B. Titling Your Paper
- Choose a punchy title that introduces your topic and sticks in your reader’s mind.
- Lesson plan
Your title is a key part of your paper–splashed across the top of your soon-to-be glorious piece of writing. It has to both introduce your topic and grip your reader.
Some people prefer to title their paper once they’ve finished writing the body of it. That’s OK. It doesn’t matter when you write it, as long as it’s punchy.
The title, “A Discussion of Symbolism in Shakespeare’s A Midsummer Night’s Dream” gets the most basic job done–tells the reader about the purpose of the paper–but it’s pretty banal and doesn’t exactly put your reader on the edge of his seat.

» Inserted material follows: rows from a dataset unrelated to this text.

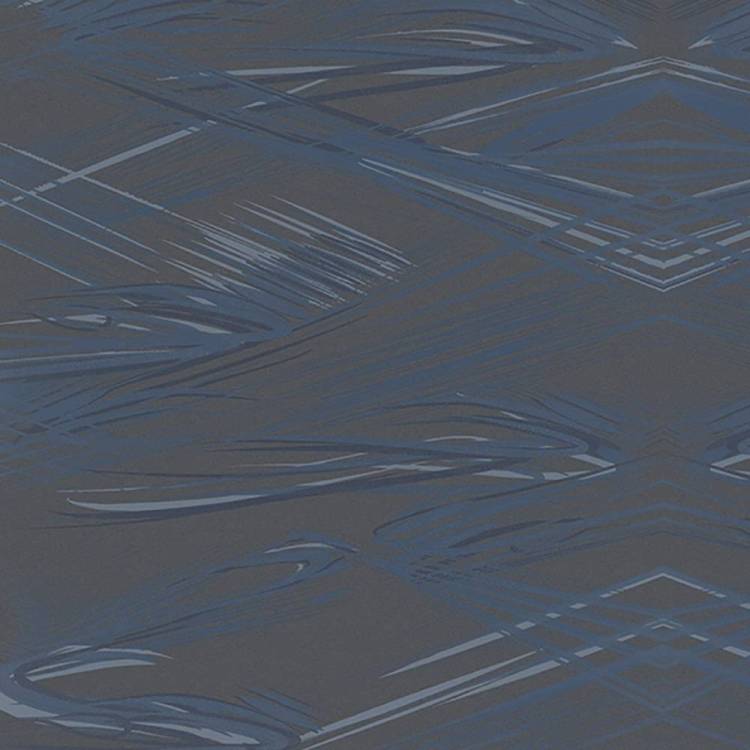 Обои Marburg Zaha Hadid Hommage 58302
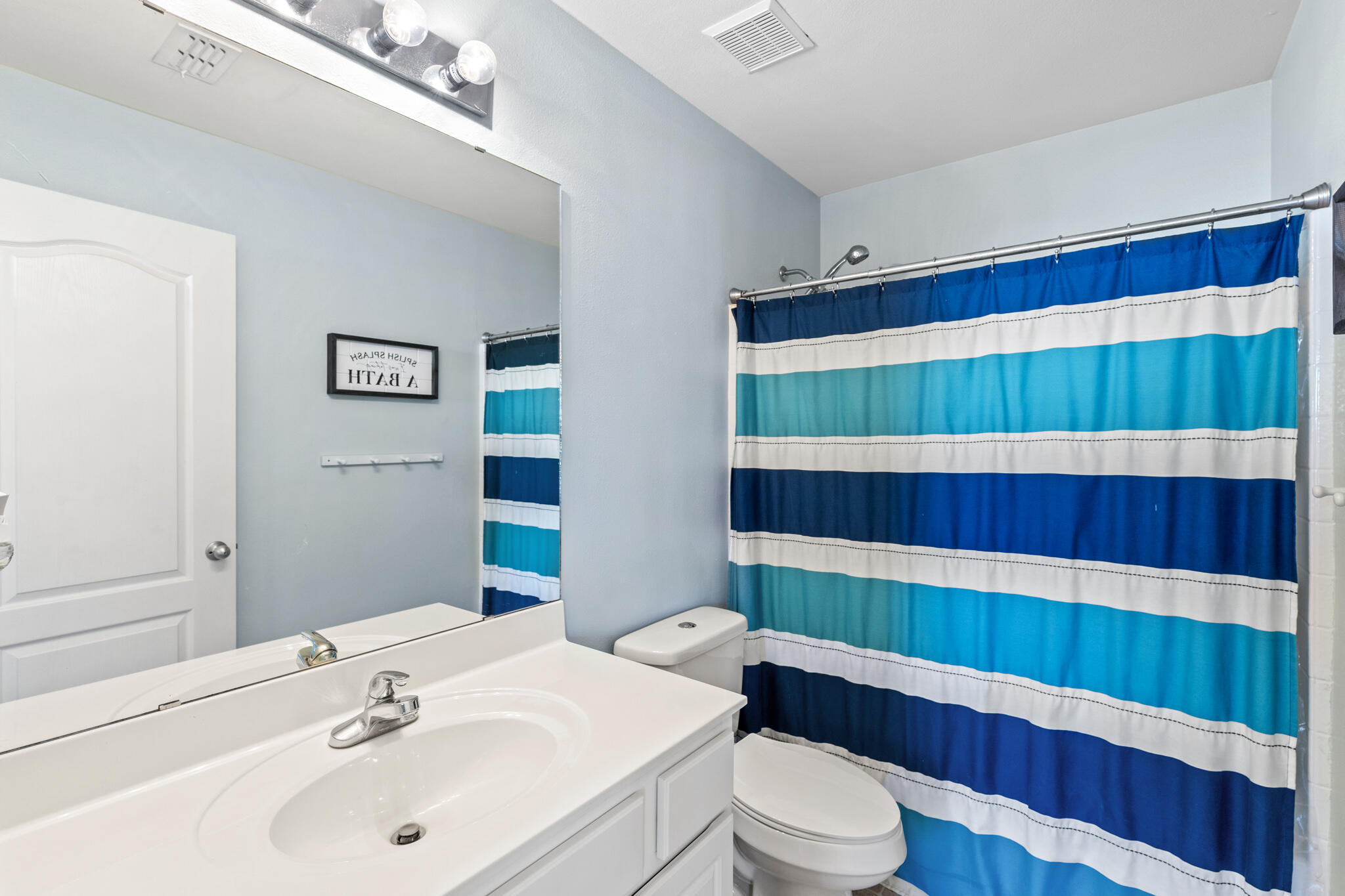 SANDY RIDGE ESTATES - Residential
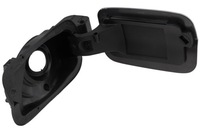 фото thumb №1, Крышка заливной топлива audi a3 sportsback 2013-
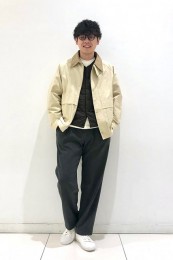 uniqlostyle03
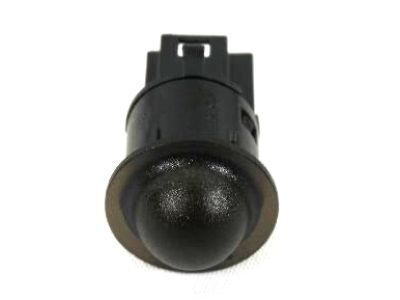 Mopar 68230114AB Sensor-Sun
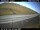 Webcam in Hellisheiði, 8.1 km entfernt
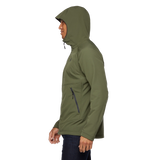 Element Hoody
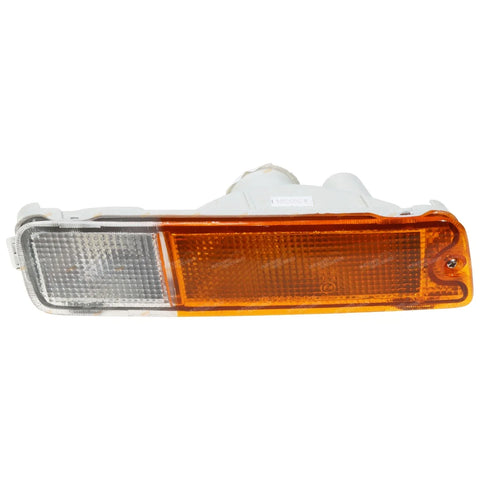 Mitsubishi Triton MK RH Front Bar Indicator Light (1996-2006)
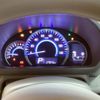 mazda flair-wagon 2016 quick_quick_MM42S_MM42S-104134 image 4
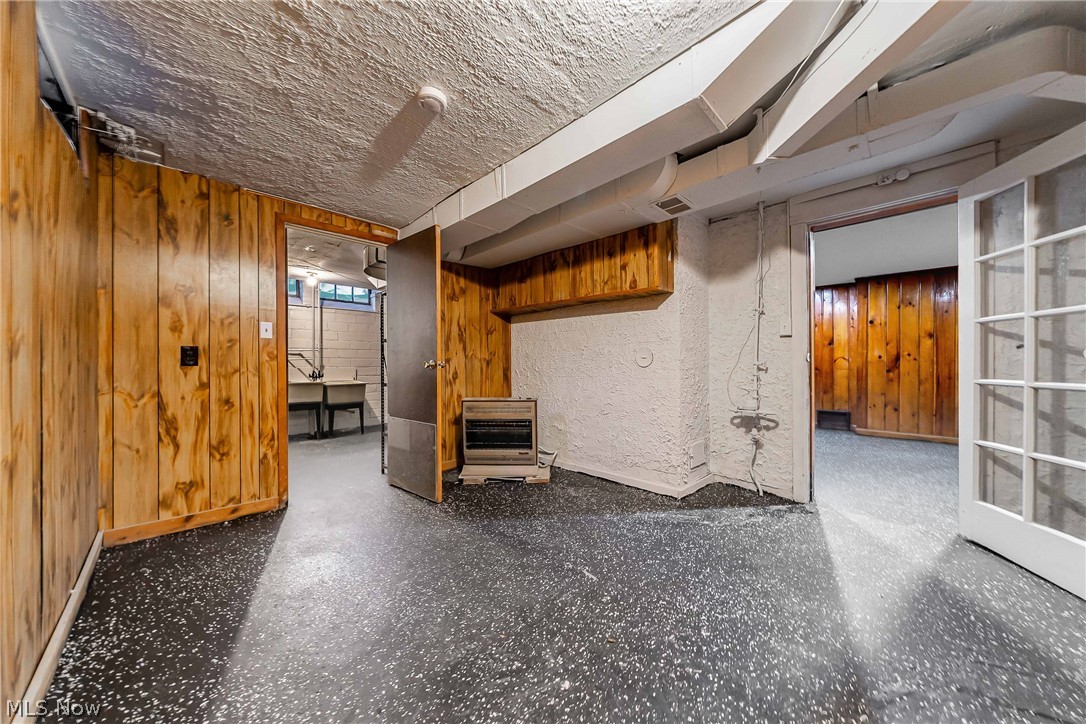 16717 Lomond Boulevard Shaker Heights OH 44120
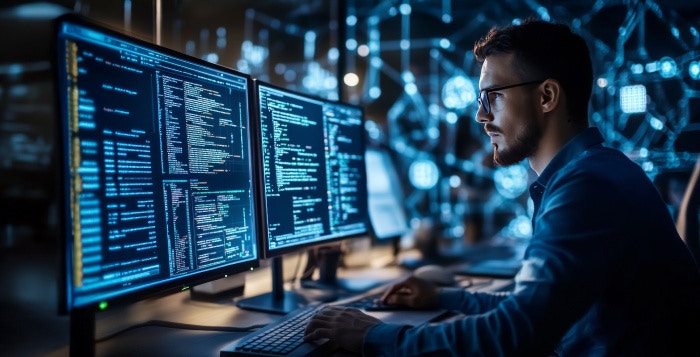 Modern Data Lifecycle Management with HCLTech and Rubrik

Instead, try something like “Sensuality, Sensationalism, and Scenery in Shakespearean Comedy”. It’s much more interesting and will leave your reader wanting more. Additionally, this title uses alliteration (repetitive use of the same sound), which adds interest.
It is generally acceptable to use more colloquial language when you’re writing your title compared to the rest of your paper, which should be written in an academic voice (see next section, “Audience and Academic Tone”). Therefore, it’s usually OK to use a catchphrase in your title: “Boys Will Be Men: An Analysis of Greek Childrearing Depicted in The Aeneid“.
Note this title’s use of the colon. The first title is the catchy, interesting one. But alone, it doesn’t tell you what the paper is about. The subtitle is more academic and reveals the subject of the paper. The colon is useful if you’re concerned that the meaning of your first title may confuse your reader.